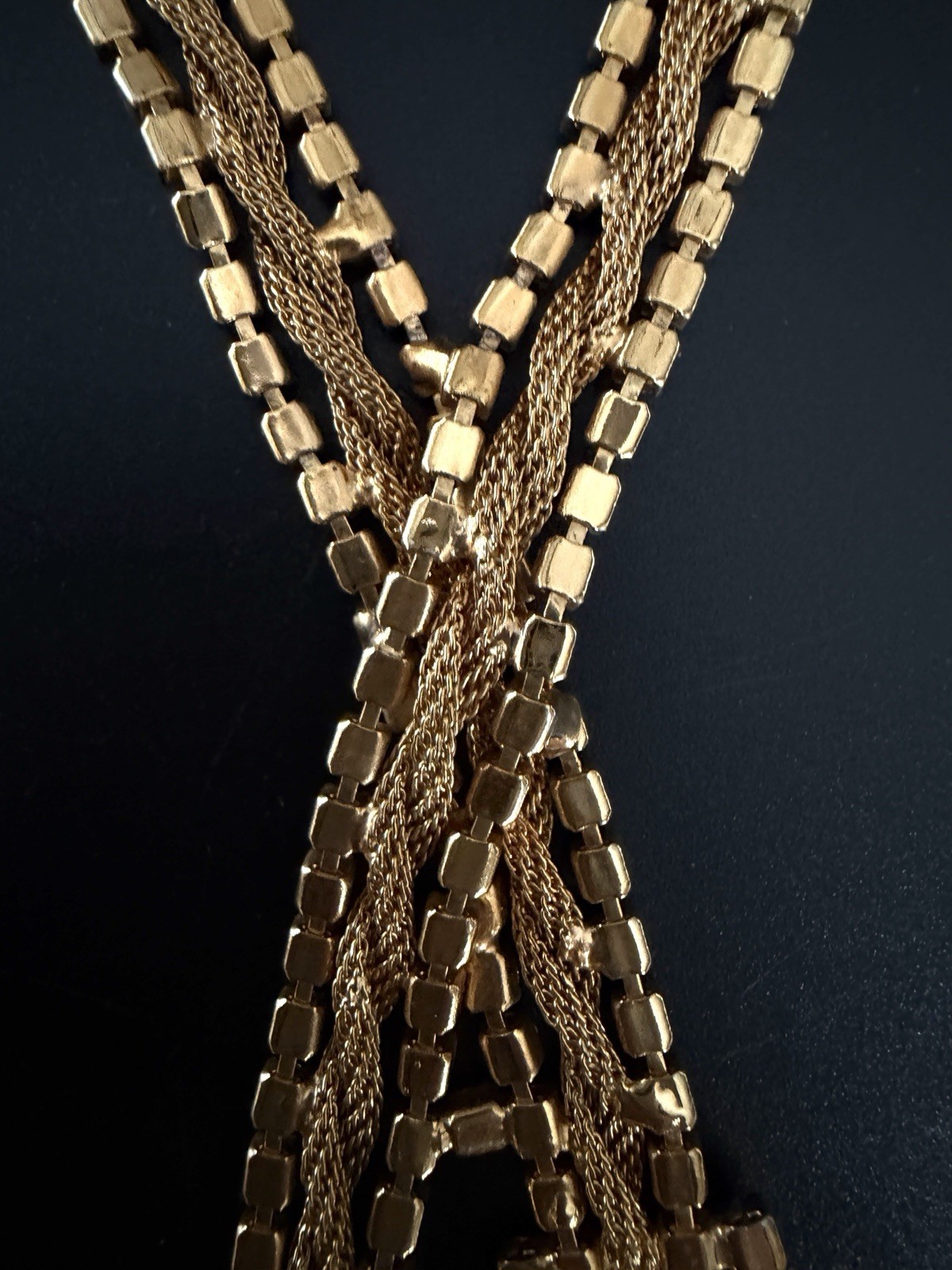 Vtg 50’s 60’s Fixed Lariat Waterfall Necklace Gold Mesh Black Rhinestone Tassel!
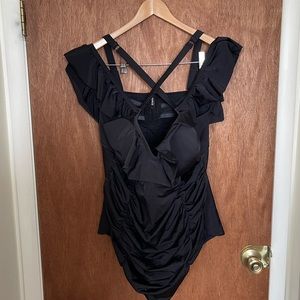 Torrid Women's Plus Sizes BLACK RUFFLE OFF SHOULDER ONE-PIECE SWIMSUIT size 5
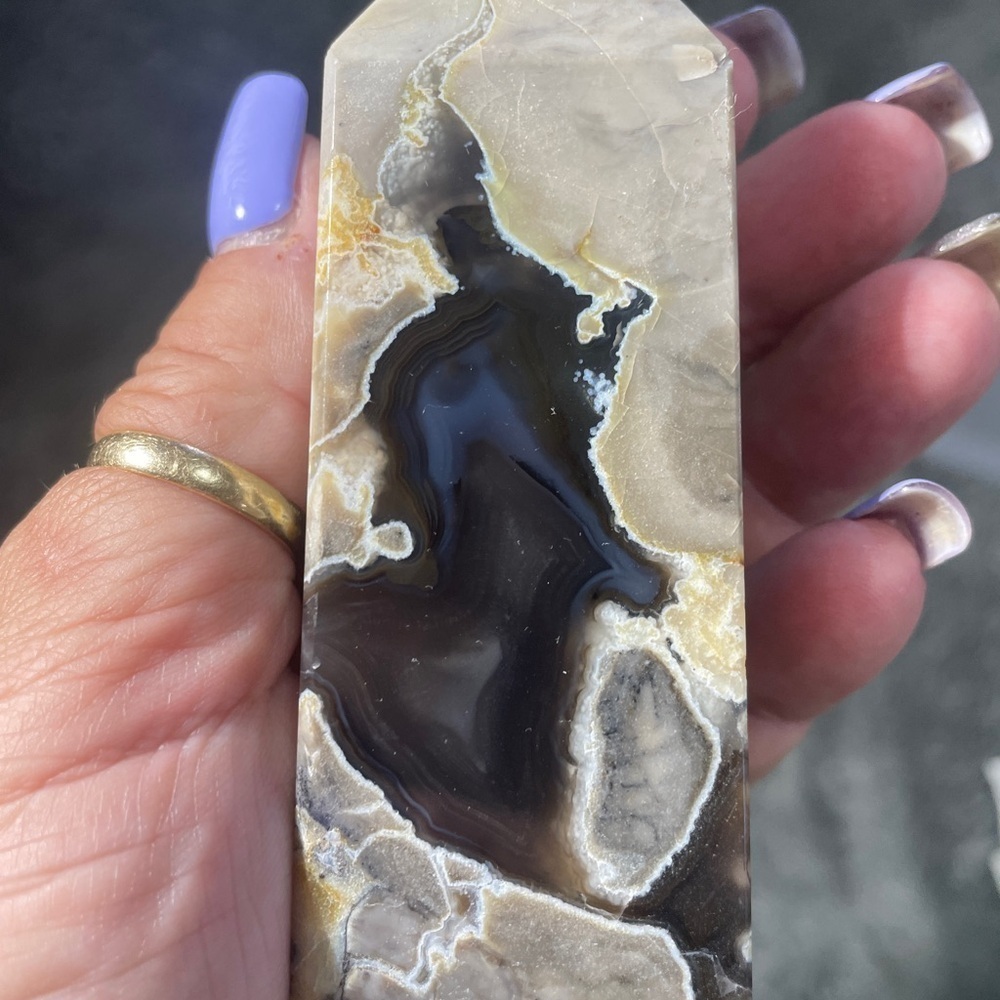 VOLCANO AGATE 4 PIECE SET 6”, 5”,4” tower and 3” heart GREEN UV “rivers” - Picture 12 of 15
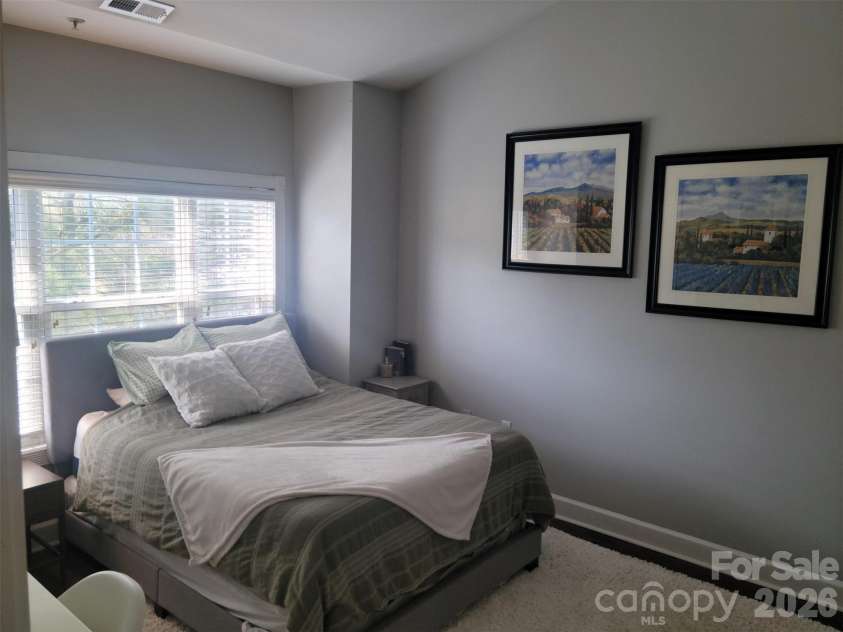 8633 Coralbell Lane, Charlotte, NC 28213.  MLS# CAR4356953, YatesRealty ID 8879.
--
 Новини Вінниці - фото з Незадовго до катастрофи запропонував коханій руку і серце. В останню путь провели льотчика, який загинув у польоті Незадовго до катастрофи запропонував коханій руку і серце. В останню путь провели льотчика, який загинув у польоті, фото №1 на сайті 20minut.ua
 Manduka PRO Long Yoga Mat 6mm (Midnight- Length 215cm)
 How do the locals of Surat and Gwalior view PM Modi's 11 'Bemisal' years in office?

Work request:
Retype exactly the lines of the data above that fall between the line with "Manduka PRO Long" and the line with "How do the locals", inclusive, and add nothing.

Answer below:
 Manduka PRO Long Yoga Mat 6mm (Midnight- Length 215cm)
 How do the locals of Surat and Gwalior view PM Modi's 11 'Bemisal' years in office?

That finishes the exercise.